The lines from the one holding "I am absolutely" to the final line of the listing below are to be duplicated exactly, with both ends included and pictures omitted.

[[ PROVIDED DATA, beginning ]]

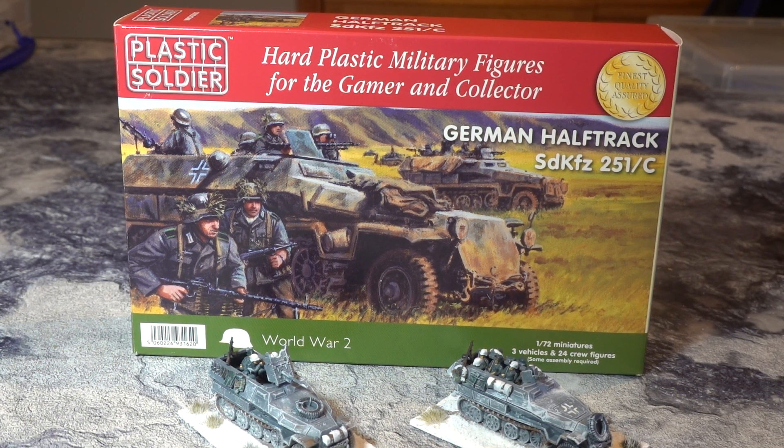Greetings and salutations to Simprat Vespasian and his trusty sidekick. I'm doing another unboxing today. I think we should have posted a few battles by now by the time this video goes live.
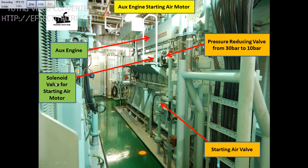Today I will explain what could go wrong if the solenoid valve for the starting air motor is defective or gets stuck. Normally the generator is kept on standby and the air valve is always kept open. Air goes from here to the reducing valve, which reduces 30 bar to 10 bar. Then we have the solenoid valve. This is the generator here.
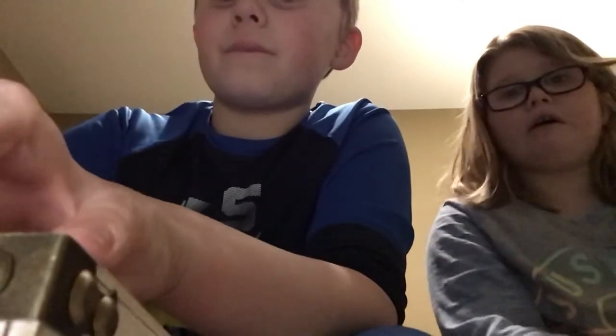Did you know that Tori used to have trouble breathing when she was a baby? Bye, Tori! Bye!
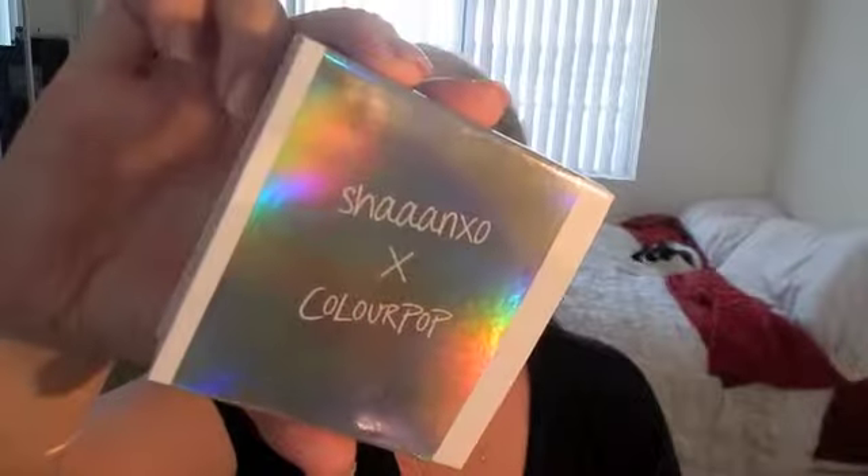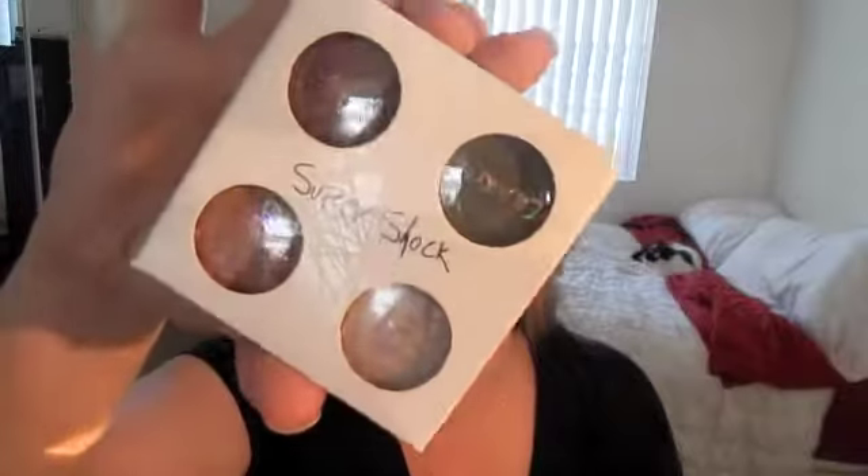We're going to prime our eyes — I already have my concealer and foundation on, so we're just going to make sure that this is all prepped and ready to go. For this eyeshadow we're going to be using the Shan x O quad from ColourPop. I love the colors she's provided; I think they're beautiful and they blend so nicely together.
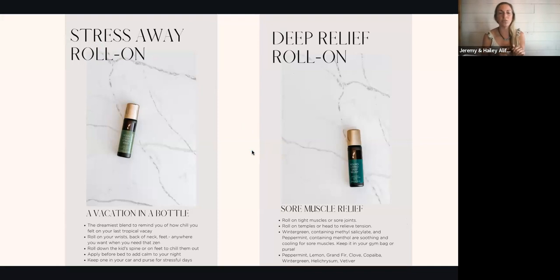The Deep Relief blend is your sore muscle relief blend. It smells so good — kind of like an icy hot smell. You want to roll this on tight muscles and sore joints; you can roll it on your temple to relieve head tension. It's got wintergreen, which contains methyl salicylate, and peppermint, which has menthol — both extremely cooling and soothing for sore muscles. It's a great blend of peppermint, lemon, grand fir, clove, copaiba, wintergreen, helichrysum, and vetiver. This is one of my husband's most favorite blends that Young Living makes.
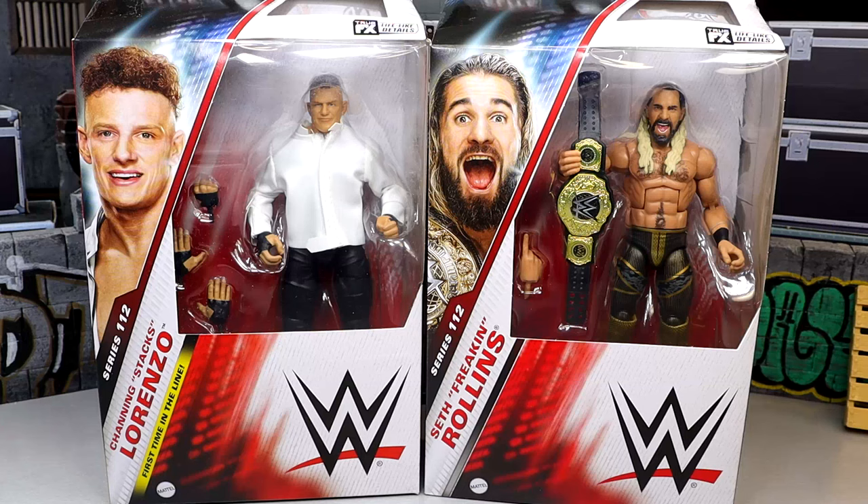What is good, everybody? Today we're back with a 2-in-1 WWE Elite 112 review with WWE Elite Series 112, Seth Rollins and Channing Stacks Lorenzo.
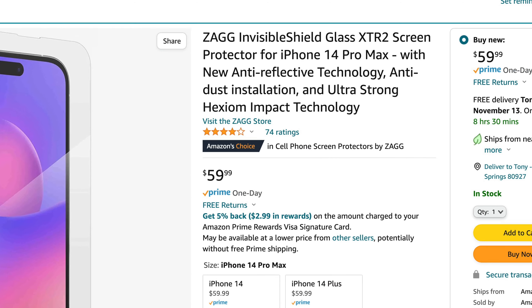I am absolutely going to destroy this screen protector to find out for you if it's as good as it claims to be. This is the Zagg InvisibleShield XTR2 glass screen protector for the iPhone 14 Pro Max. It's supposed to have a dust-free installation and be made of a super strong material. It's selling for $60 on Amazon. Is it worth the price? Stick with me until the end of the video to find out if it survives.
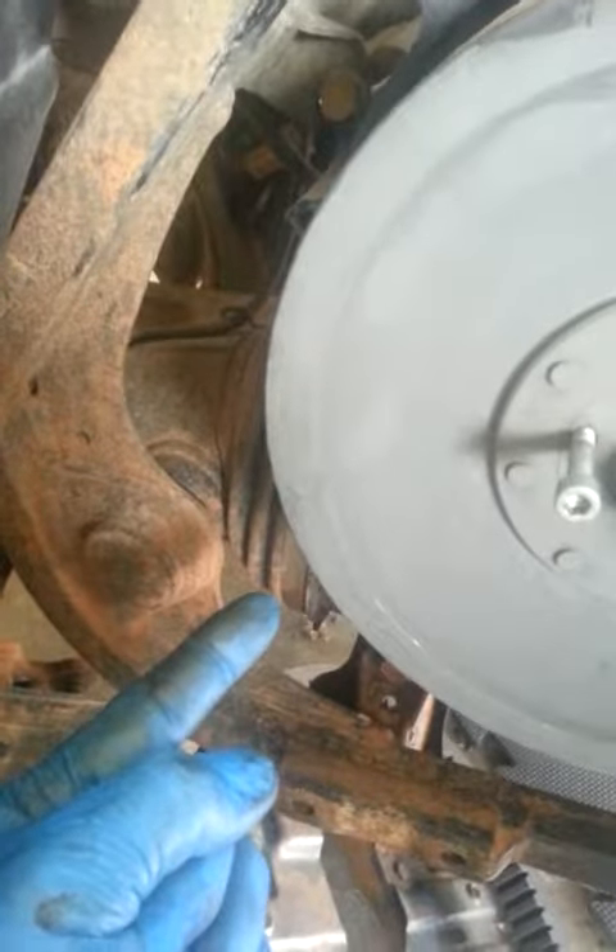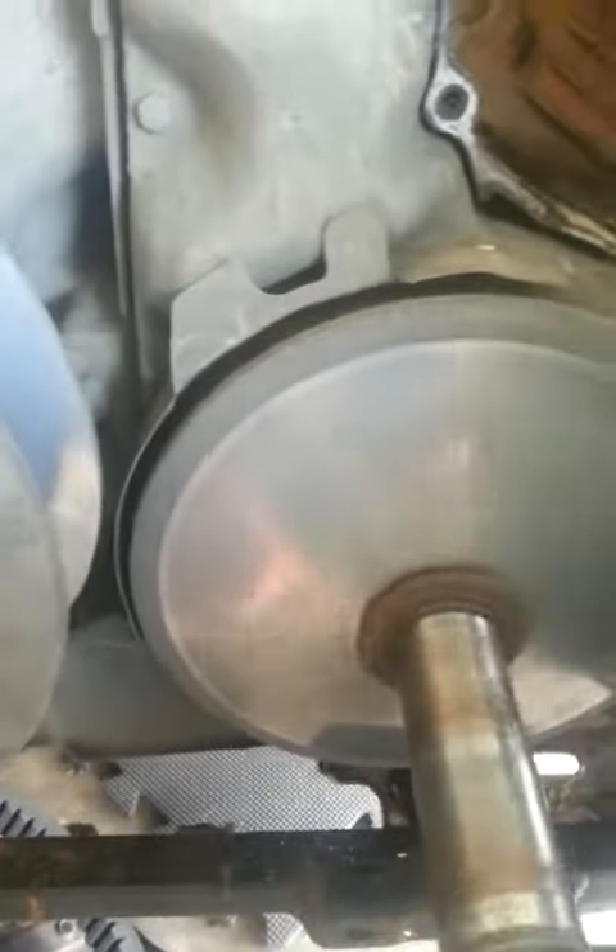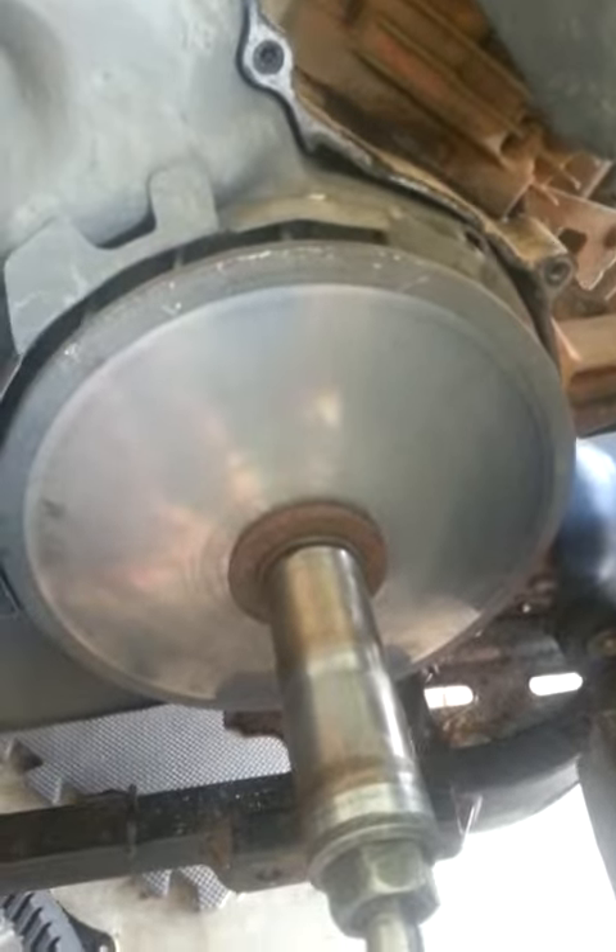The noise sounds like it's when I spin this — I can hear the noise back in this direction somewhere. Anyway, I thought I'd run it by you guys, see what everybody thinks.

[[ PROVIDED DATA, end ]]

- _COMPLETED EXERCISE_:
I am absolutely going to destroy this screen protector to find out for you if it's as good as it claims to be. This is the Zagg InvisibleShield XTR2 glass screen protector for the iPhone 14 Pro Max. It's supposed to have a dust-free installation and be made of a super strong material. It's selling for $60 on Amazon. Is it worth the price? Stick with me until the end of the video to find out if it survives.
The noise sounds like it's when I spin this — I can hear the noise back in this direction somewhere. Anyway, I thought I'd run it by you guys, see what everybody thinks.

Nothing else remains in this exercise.